En effet, à travers le Projet de loi, le Gouvernement propose de concentrer 26 des 36 milliards d’euros après 2027, échéance politique importante liée à la tenue de l’élection présidentielle: ainsi, plus de 70% des efforts portant l’actualisation de la LPM devraient être portés par les Gouvernements qui succéderont à la Présidence d’Emmanuel Macron.
Les comptes publics de la Nation font face à une situation préoccupante, avec plus de 3 400 milliards d’euros de dette, un déficit public structurel autour de 5%, et en conséquence, une charge de la dette en 2026 de 63 milliards d’euros, elle-même supérieure au budget annuel de la mission Défense en 2026, de 57,1 milliards d’euros.
L’amendement propose de réviser cette trajectoire budgétaire, avec deux objectifs:
En premier lieu, il s’agirait, dès la loi de finances pour 2027, de consacrer davantage de moyens à nos Armées, afin de financer les projets d’augmentation et de modernisation capacitaires figurant au Rapport annexé, prévus par l’actualisation. A cette fin, la présente révision de la trajectoire propose une surmarche de 9 milliards d’euros en 2027, soit 2,5 milliards supplémentaires par rapport aux dispositions du Projet de loi.
Aussi, une surmarche de 9 milliards d’euros pourrait être financée par la réalisation d’économies sur la dépense publique, au profit de nos Armées. En particulier, ces économies pourraient notamment provenir de la suppression de certaines agences et opérateurs de l’Etat, la suppression des subventions publiques aux énergies renouvelables intermittentes, la baisse de l’aide publique au développement, la baisse de la contribution de la France au budget de l’UE, et l’instauration, pour les étrangers extra-communautaires, d’une condition de cinq années de résidence pour bénéficier des prestations sociales non contributives.

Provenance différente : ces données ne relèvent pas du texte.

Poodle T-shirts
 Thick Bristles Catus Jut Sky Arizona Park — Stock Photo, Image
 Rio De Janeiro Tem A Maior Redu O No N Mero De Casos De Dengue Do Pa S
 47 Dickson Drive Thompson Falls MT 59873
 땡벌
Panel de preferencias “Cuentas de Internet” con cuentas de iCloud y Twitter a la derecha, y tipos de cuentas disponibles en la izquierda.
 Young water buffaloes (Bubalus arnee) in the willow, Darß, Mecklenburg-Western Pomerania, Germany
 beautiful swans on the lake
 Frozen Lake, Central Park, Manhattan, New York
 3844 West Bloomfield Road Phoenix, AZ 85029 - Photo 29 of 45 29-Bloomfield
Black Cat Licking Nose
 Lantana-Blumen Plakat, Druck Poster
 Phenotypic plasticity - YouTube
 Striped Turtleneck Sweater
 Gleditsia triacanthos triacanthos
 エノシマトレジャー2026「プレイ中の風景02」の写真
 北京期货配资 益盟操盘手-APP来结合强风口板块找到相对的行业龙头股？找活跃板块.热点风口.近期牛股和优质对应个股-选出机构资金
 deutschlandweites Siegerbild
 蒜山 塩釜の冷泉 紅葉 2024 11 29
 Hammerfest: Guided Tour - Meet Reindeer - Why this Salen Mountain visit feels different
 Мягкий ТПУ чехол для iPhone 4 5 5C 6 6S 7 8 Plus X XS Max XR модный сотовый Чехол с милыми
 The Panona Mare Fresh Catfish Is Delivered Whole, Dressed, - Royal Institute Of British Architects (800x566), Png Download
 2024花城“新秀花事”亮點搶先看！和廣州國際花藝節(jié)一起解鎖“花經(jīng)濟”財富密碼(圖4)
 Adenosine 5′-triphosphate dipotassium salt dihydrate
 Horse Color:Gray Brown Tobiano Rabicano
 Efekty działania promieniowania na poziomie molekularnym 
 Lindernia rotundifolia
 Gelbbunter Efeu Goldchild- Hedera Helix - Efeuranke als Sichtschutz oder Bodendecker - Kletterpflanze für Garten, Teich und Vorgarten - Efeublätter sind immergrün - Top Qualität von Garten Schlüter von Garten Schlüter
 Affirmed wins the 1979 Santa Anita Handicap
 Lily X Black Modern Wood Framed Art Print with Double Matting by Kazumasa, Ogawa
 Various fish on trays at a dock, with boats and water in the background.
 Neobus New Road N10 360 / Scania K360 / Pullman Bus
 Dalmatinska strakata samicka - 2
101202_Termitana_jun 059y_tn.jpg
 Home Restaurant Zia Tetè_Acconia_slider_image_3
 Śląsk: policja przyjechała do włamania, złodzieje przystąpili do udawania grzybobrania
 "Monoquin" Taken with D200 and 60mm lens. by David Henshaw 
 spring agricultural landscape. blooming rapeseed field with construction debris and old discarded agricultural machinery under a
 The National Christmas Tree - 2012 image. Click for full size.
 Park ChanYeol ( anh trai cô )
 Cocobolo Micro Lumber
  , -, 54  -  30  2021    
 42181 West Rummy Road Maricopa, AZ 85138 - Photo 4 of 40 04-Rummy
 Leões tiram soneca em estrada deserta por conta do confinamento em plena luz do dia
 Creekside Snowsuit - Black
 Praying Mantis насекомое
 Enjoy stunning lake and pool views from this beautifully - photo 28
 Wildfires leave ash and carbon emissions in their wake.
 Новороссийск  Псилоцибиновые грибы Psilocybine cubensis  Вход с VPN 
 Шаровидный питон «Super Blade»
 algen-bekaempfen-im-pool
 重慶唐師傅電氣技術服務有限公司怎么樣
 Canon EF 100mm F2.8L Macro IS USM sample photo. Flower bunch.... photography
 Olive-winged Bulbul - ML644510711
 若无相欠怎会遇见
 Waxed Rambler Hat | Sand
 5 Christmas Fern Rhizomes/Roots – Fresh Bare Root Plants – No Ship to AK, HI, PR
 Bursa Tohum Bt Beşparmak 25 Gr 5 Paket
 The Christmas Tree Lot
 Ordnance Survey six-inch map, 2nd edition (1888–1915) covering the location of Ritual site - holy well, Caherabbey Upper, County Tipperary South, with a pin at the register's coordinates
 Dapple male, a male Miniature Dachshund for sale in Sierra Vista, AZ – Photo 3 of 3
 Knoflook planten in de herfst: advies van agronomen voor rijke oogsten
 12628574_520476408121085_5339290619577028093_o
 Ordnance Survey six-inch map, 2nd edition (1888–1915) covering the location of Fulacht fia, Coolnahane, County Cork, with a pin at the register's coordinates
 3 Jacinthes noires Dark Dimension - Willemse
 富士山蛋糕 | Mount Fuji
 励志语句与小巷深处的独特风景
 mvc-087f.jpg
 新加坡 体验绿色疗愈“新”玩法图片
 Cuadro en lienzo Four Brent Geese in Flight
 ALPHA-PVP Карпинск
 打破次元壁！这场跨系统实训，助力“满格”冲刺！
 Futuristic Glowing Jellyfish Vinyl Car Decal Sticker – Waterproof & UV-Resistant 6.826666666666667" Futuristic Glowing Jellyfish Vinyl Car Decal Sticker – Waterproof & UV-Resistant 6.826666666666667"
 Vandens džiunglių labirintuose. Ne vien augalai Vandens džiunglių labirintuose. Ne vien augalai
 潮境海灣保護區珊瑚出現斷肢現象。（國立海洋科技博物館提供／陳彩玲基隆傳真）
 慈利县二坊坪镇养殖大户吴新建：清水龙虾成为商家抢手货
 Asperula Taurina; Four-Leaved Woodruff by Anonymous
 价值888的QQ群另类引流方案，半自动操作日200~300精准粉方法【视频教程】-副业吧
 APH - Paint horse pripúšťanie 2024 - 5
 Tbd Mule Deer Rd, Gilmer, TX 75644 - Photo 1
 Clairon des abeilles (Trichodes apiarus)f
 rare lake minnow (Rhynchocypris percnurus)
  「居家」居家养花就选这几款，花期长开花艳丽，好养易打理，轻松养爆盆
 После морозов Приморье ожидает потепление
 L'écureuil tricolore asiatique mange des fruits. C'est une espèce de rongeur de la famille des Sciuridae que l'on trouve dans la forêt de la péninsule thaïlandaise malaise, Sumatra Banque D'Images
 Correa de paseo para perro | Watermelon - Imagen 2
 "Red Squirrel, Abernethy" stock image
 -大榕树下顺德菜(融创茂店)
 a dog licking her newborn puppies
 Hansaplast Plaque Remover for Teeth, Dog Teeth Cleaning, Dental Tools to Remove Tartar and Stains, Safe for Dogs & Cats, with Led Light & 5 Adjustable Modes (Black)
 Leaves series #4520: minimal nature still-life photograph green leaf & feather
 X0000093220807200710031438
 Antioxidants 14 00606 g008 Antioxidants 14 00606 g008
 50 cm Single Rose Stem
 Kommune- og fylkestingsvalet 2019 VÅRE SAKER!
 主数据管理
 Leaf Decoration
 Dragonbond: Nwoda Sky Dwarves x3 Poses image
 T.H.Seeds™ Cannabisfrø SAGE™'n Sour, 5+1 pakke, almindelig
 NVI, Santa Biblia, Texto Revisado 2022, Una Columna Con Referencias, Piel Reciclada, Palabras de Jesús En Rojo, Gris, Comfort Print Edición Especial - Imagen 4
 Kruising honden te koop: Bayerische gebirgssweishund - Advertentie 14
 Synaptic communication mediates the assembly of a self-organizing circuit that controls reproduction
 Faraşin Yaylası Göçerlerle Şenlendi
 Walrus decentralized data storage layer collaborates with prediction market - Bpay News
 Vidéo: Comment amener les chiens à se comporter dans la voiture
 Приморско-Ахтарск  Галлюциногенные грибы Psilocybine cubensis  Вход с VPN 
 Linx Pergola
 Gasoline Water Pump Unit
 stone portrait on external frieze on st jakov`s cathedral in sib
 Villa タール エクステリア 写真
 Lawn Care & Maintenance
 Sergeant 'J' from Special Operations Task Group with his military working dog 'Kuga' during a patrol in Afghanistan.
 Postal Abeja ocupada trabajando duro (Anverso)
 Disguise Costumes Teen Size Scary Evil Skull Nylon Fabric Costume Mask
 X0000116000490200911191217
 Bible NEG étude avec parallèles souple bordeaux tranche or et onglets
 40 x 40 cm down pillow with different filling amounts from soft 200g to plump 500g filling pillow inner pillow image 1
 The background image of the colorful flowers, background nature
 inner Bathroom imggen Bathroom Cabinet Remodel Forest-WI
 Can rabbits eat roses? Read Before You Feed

Dans un second temps, la présente révision des surmarches assurera une meilleure répartition des efforts dans le temps, et ainsi une meilleure soutenabilité de ces dépenses pour les futurs Gouvernements, alors qu’ils seront confrontés à une situation budgétaire alarmante.
Le Groupe UDR propose donc de réviser la nouvelle programmation des ressources financières pour les années 2026 à 2030, avec les surplus de crédits suivants: +9 milliards d’euros en 2027, +7,5 milliards d’euros en 2028, +7,5 milliards d’euros en 2029 et +8,5 milliards d’euros en 2030.